Motion-prior Contrast Maximization for Dense Continuous-Time Motion Estimation¶
Conference: ECCV 2024
arXiv: 2407.10802
Code: GitHub
Area: Video Understanding
Keywords: Event Camera, contrast maximization, motion estimation, self-supervised learning, optical flow
TL;DR¶
This paper proposes a self-supervised method that integrates a non-linear motion prior (parametric trajectory function) into the contrast maximization framework for dense continuous-time motion estimation with event cameras, improving the zero-shot performance of synthetic-data pre-trained models by 29% on the real-world EVIMO2 dataset.
Background & Motivation¶
Background: Optical flow estimation and point tracking are core tasks in low-level vision. Recently, frame-based methods have made significant progress relying on large-scale synthetic datasets. As a novel vision sensor, event cameras feature high speed, high dynamic range, and low power consumption, making them naturally suited for motion perception tasks.

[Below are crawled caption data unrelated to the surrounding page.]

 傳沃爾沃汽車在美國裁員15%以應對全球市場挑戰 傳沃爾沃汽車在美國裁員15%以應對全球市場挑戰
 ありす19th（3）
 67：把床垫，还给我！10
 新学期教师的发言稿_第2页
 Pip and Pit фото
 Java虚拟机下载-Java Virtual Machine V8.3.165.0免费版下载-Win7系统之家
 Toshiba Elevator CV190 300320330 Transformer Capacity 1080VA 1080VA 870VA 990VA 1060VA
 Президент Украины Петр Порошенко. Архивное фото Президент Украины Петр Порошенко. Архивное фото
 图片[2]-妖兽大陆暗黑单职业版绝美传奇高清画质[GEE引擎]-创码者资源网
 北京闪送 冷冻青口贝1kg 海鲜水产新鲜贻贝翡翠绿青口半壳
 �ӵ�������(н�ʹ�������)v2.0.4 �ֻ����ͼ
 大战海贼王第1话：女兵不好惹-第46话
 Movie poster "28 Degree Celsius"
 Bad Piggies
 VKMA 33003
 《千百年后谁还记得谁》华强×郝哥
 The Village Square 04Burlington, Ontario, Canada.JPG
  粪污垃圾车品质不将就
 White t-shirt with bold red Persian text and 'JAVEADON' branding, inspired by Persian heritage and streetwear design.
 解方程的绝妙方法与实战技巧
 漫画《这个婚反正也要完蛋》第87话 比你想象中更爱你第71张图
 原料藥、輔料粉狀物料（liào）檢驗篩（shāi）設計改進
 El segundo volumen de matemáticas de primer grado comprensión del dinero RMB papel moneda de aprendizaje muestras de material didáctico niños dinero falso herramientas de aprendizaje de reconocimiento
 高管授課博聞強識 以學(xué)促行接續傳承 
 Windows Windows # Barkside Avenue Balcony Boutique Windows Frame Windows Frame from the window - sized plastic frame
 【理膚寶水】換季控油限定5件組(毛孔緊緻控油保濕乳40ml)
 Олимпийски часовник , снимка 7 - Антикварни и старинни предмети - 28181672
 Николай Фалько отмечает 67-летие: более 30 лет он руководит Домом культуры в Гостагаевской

Limitations of Prior Work: The event camera domain faces two main constraints: (a) a lack of large-scale real labeled data, and immature event simulators leading to a significant sim-to-real gap for models trained on synthetic data; (b) existing contrast-loss-based self-supervised methods are limited to low-degree-of-freedom (e.g., feature tracking, ego-motion estimation) or short-term (\(\le 0.1\)s) linear optical flow problems, failing to handle long-term non-linear complex motion.
Key Challenge: Long-term dense motion estimation requires handling non-linear trajectories, but the contrast maximization framework previously only supported linear motion models. Additionally, the association between events and trajectories is a high-dimensional assignment problem, which is difficult to solve efficiently and differentiably.
Goal: Long-term (\(\ge 0.3\)s) dense non-linear event motion estimation, while reducing the domain adaptation gap.
Key Insight: A two-stage strategy: supervised pre-training on synthetic data, followed by fine-tuning on real data using the proposed self-supervised contrast loss.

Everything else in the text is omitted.